En l'espèce, dans sa déclaration de maladie professionnelle du 13 septembre 2011, Mme [F] indiquait souffrir d'une « périarthrite scapulo-humérale sous-épineux de l'épaule droite », précisant que la première constatation médicale était du 12 décembre 2000. Le certificat médical initial établi le 9 septembre 2011 par le rhumatologue constatait « épaule droite : périarthrite scapulo-humérale (sous-épineux)», fixant lui aussi la première constatation médicale au 12 décembre 2000.



Dans le colloque médico-administratif du 17 février 2012, était repris l'avis du médecin-conseil visant le tableau 57 A pour une épaule droite douloureuse, avec une date de première constatation médicale du 5 février 2009, mentionnant comme document ayant permis de fixer cette date, une échographie. Aucune case n'était cochée par lui pour préciser si les conditions médicales étaient remplies ou non.



Si l'avis du médecin-conseil s'imposait à la caisse, on ne saurait lors d'une procédure judiciaire et s'agissant d'une condition de fond de la prise en charge, se retrancher derrière le secret médical ou le respect dû à la vie privée pour faire prévaloir cet avis à l'encontre notamment de celui émis par le propre médecin de la salariée disant avoir constaté la pathologie 9 ans plus tôt.



Cela est d'autant plus essentiel qu'en 2000, Mme [F] travaillait chez un autre employeur, la société Siccom, chez lequel elle indiquait avoir aussi été exposée à des gestes répétitifs des bras en élévation.



Dès lors, en l'absence de justification du report de 9 ans de la date de première constatation médicale, la caisse ne justifie pas aujourd'hui des conditions du tableau 57 A vis à vis de la SA Fonderie de [Localité 6] et la procédure de reconnaissance du caractère professionnel de la maladie de Mme [F] ne peut donc que lui être déclarée inopposable. Le jugement entrepris sera infirmé.

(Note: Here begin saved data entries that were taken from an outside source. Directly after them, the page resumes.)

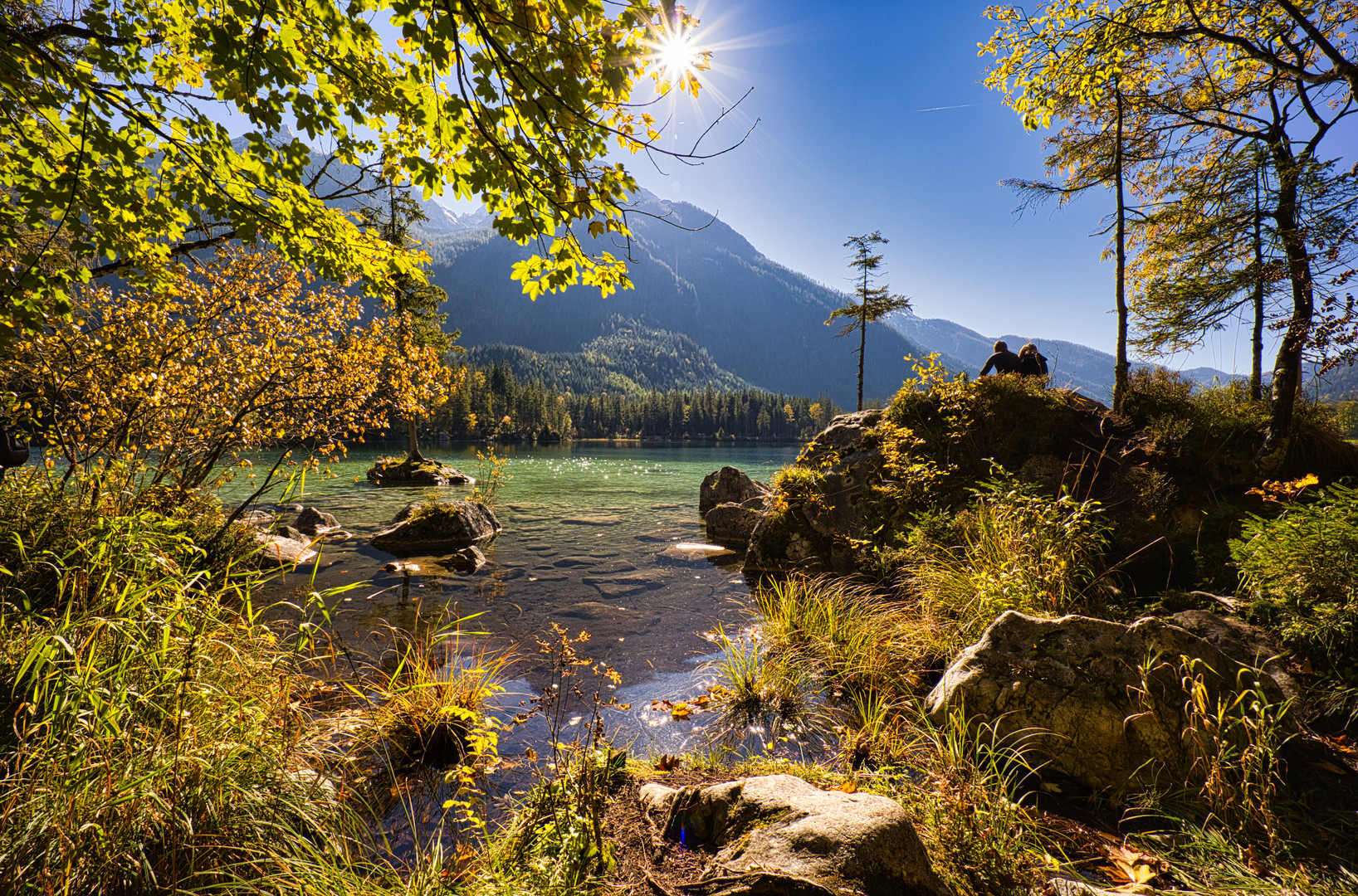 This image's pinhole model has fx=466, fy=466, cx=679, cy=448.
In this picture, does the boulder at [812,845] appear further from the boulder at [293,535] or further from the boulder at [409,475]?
the boulder at [409,475]

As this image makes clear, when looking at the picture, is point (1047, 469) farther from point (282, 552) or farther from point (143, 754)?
point (282, 552)

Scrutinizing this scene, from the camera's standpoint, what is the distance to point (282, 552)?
395 inches

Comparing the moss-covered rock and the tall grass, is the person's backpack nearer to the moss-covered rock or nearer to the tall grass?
the tall grass

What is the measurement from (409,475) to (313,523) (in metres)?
13.9

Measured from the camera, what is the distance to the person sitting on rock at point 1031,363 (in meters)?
10.8

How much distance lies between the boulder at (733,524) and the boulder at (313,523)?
10.6 m

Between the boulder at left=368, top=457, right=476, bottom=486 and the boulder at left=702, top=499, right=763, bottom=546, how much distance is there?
1826 cm

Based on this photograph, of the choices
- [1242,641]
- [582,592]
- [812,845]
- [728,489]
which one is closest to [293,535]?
[582,592]

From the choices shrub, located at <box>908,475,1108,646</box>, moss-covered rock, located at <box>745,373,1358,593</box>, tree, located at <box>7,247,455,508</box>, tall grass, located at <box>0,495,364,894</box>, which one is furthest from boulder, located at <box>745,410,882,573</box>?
tall grass, located at <box>0,495,364,894</box>

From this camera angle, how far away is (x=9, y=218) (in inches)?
141

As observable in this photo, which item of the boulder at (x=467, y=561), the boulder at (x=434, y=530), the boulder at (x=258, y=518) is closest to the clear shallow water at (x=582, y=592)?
the boulder at (x=467, y=561)

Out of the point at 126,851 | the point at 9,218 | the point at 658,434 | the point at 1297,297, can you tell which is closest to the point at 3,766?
the point at 126,851

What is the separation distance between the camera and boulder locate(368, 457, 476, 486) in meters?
25.0

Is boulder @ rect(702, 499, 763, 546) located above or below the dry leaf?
below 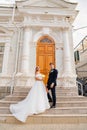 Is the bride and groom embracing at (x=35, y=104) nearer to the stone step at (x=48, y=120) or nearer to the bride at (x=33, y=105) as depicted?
the bride at (x=33, y=105)

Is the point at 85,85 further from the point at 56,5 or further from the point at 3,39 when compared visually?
the point at 3,39

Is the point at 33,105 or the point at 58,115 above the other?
the point at 33,105

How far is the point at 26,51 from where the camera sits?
7.70m

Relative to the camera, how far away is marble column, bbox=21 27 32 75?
24.3 feet

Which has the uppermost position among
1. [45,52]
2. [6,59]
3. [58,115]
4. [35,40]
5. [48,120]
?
[35,40]

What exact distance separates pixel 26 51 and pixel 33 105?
13.3ft

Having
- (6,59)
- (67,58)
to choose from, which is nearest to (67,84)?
(67,58)

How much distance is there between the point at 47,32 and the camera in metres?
8.20

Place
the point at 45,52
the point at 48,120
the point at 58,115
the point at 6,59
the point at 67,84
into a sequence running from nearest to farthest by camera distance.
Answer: the point at 48,120 → the point at 58,115 → the point at 67,84 → the point at 6,59 → the point at 45,52

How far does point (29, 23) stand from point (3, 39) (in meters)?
1.88

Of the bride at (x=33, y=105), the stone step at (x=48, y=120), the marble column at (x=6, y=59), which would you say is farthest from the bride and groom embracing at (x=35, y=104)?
the marble column at (x=6, y=59)

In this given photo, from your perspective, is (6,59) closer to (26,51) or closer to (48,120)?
(26,51)

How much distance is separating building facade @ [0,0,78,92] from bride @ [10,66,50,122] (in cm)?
271

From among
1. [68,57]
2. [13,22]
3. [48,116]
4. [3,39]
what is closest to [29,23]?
[13,22]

Sur la demande d'article 700 du code de procédure civile



Eu égard à la décision rendue, il convient de rejeter la demande présentée par l'intimée sur le fondement de l'article 700 du code de procédure civile.





PAR CES MOTIFS



La cour,



Infirme le jugement entrepris,



Statuant à nouveau,



Déclare inopposable à la SA Fonderie de [Localité 6] la décision de prise en charge de la maladie déclarée par Mme [F] le 13 septembre 2011,



Condamne la caisse primaire d'assurance maladie de l'Essonne aux dépens d'appel.